LE POÈTE JEUNE PATRIOTE.

Il dit qu’il a vingt ans. La poudre du collège
Est encore imprégnée à son vieil habit noir.
Du chagrin sur son front, qui vous fait peine à voir,
        A passé l’onde sacrilège.
Une main sur la lyre, il aime à soupirer :
Plaignez-le, bons amis, le désespoir l’atterre ;
Car il n’a pu trouver sur cette froide terre,
        Qu’un bonheur : celui de pleurer.

II pleure sur nous tous, moderne Jérémie ;
Il se plaint au Seigneur de son fatal destin,
Et vous craignez qu’il veuille, en un lieu clandestin,
        Rompre le pacte avec la vie.
Non ; il aime à parler de mort et de gibet,
Mais ne veut pas mourir. Quand il pose sa lyre,
Il vous dit : « De mes vers que penses-tu, messire ?
        Viens avec moi prendre un sorbet. »

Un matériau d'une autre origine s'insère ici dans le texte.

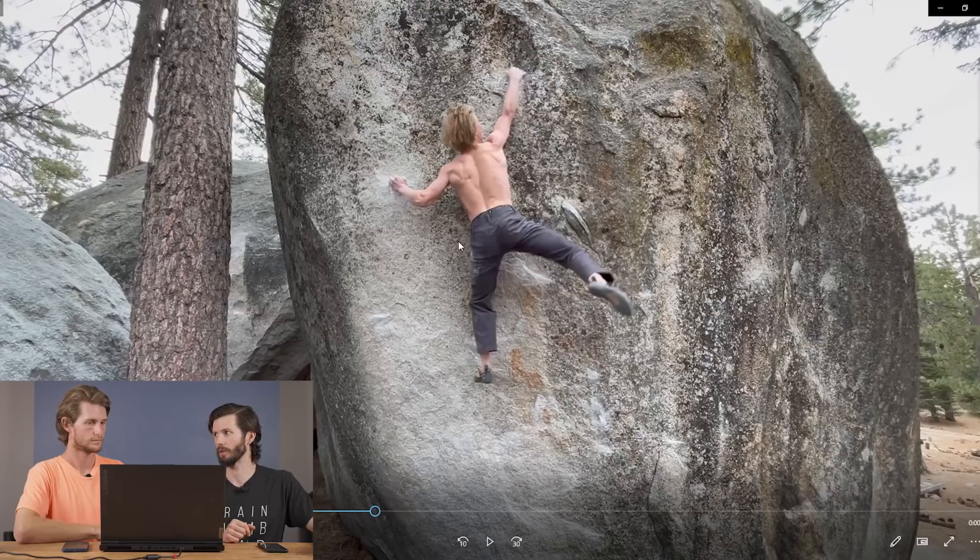That is all we have for today. Thank you for sticking with us through all that — that was a lot. This was a cool one. Hopefully you guys enjoyed it and we'll definitely do more of these soon. We should have more women — strong climbers — featured. If you know anyone who sends cool climbs and has good footage, send it over and maybe we'll analyze it. That's the end of today's episode. Until next time — train, climb, send, repeat. Bye.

Et vous allez, disant : « Le poète est en joie ;
Il partage avec nous la manne de son ciel :
Mon Dieu, prodiguez-lui vos fleurs et votre miel,
        Pour qu’il ne tombe dans la voie. »
Puis vous vous étonnez de le voir, eu jurant,
Descendre de l’Éden, sans parfum d’harmonie :
Poète, il se nourrit d’amour et d’ambroisie ;
Homme, il s’endette au restaurant.

Car il apprit par cœur le rôle qu’il nous joue ;
Dans la coulisse il rit, chante refrains joyeux,
Et lorsque sur la scène il apparaît aux yeux,
        Il prend soin de blanchir sa joue.
Cet imberbe Antony caresse son poignard,
Blasphème le Seigneur, trouve la vie amère :
................
        N’importe, il se dira bâtard !

Oh ! c’est un homme à part qu’un rimeur patriote,
Il rêve moyen-âge, et tournois et castel ;
Il rêve bachelette et gentil damoisel,
        Et le règne sans-culotte.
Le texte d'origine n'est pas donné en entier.